We also used MI testing procedures to examine the MI of the engagement measure across gender and ethnic groups; results of these analyses are shown in Table 8. Note that all three measurement occasions were accounted for in these analyses. For gender, models examining configural, metric, and scalar invariance, and invariance of factor covariances and means, all fit the data adequately based on model fit indices. Furthermore, although most Δχ² tests indicated certain models were statistically significantly different from one another in terms of overall model fit, the ΔCFI and ΔTLI both indicated the more constrained models all fit the data just as well as the previous models. Two Δχ² tests produced negative values, indicating that these difference tests cannot be interpreted and used to test for statistically significant differences in model fit. Therefore, we used the Wald test of parameter constraints to examine differences in model fit for these two comparisons. The model featuring metric invariance did not statistically significantly differ from the model featuring configural invariance in terms of overall fit, Wald $χ_{(13)}^{2}$ = 8.484, p = 0.811, nor did the model featuring invariant factor covariances differ from the model featuring scalar invariance, Wald $χ_{(3)}^{2}$ = 3.102, p = 0.376. In sum, based on the overall fit statistics and the ΔCFI and ΔTLI, we concluded the engagement measure featured adequate configural, metric, and scalar invariance, as well as equivalence of factor covariances and means across males and females.

TABLE 8

Table 8. Model fit test statistics, fit indices, and their changes for the MI analyses for gender and ethnicity.
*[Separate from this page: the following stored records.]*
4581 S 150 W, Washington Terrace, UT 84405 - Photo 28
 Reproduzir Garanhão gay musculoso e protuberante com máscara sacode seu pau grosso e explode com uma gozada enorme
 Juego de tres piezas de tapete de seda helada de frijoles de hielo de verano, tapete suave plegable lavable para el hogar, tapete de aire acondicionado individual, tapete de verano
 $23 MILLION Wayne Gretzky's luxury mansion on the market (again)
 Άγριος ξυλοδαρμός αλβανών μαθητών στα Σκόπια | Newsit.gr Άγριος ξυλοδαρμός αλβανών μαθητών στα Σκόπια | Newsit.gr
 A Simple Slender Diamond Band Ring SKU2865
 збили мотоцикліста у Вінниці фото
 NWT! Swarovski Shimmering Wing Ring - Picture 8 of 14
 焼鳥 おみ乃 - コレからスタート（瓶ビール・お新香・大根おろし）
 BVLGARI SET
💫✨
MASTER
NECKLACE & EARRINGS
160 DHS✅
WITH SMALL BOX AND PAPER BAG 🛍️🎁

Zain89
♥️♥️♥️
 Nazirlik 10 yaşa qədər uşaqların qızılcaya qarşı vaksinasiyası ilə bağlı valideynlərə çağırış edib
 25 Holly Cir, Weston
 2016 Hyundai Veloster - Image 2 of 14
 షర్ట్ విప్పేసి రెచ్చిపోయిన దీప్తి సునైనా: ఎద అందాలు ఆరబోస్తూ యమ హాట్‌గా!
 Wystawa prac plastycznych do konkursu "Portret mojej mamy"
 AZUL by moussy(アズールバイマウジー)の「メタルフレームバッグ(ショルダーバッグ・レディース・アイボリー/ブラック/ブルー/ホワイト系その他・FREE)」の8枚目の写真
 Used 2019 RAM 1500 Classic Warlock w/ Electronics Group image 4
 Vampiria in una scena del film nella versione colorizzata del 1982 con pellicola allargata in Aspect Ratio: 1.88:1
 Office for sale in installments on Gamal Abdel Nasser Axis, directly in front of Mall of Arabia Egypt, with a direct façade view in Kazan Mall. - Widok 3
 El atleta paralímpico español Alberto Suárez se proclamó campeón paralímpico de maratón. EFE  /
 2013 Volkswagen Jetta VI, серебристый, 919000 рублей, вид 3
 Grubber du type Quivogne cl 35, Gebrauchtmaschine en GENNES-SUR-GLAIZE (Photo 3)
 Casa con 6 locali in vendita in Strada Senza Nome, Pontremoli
Regarding ethnicity, model fit indices suggest the five models testing the configural, metric, and scalar invariance, and invariance of latent factor covariances and means, of the engagement measure all fit the data reasonably well (see Table 8). Although some Δχ² tests suggested that some models fit the data statistically significantly differently from one another, the ΔCFI and ΔTLI both indicated that the more constrained models fit the data as well as the previous models that feature fewer model constraints. Thus, the configural, metric, and scalar invariance assumptions held across ethnic groups, as did invariance of factor covariances and means.

Discussion

Engagement Measure MI

The current results indicated that the classroom engagement measure featured adequate configural, metric, and scalar invariance across time points, genders, and ethnicities. These results suggest that scores on the engagement measure have approximately the same meaning across these groups, and that this measure is appropriate for use when testing substantive hypotheses regarding developmental changes between grades 7 and 9, as well as gender and ethnic differences in engagement among students within this grade range.

The present results tie in well with previous literature examining the MI of other classroom engagement measures. Existing research has shown that other measures based on different theoretical conceptualizations of engagement are also invariant across groups. For example, engagement measures featuring cognitive, affective, and behavioral components were found to be invariant across genders and ethnic groups (Glanville and Wildhagen, 2007; Wang et al., 2011). Research on more complex engagement measures, such as Maryland's Safe and Supportive Schools Initiative Survey (Bradshaw et al., 2014) and the Motivation and Engagement Scale (Marsh et al., 2011), have also demonstrated these measures' invariance across various groups such as genders and grade levels. The current study's findings add to the psychometric literature on classroom engagement measures, demonstrating that this measure, which is based on Skinner et al. (2008) theoretical conceptualization of engagement, is also invariant across grade levels, ethnic groups, and genders. Therefore, the engagement measure examined in the current study is an additional measure, stemming from a different theoretical perspective on engagement that may be used in substantive research to explore cross-group comparisons in behavioral engagement, behavioral disaffection, and emotional engagement.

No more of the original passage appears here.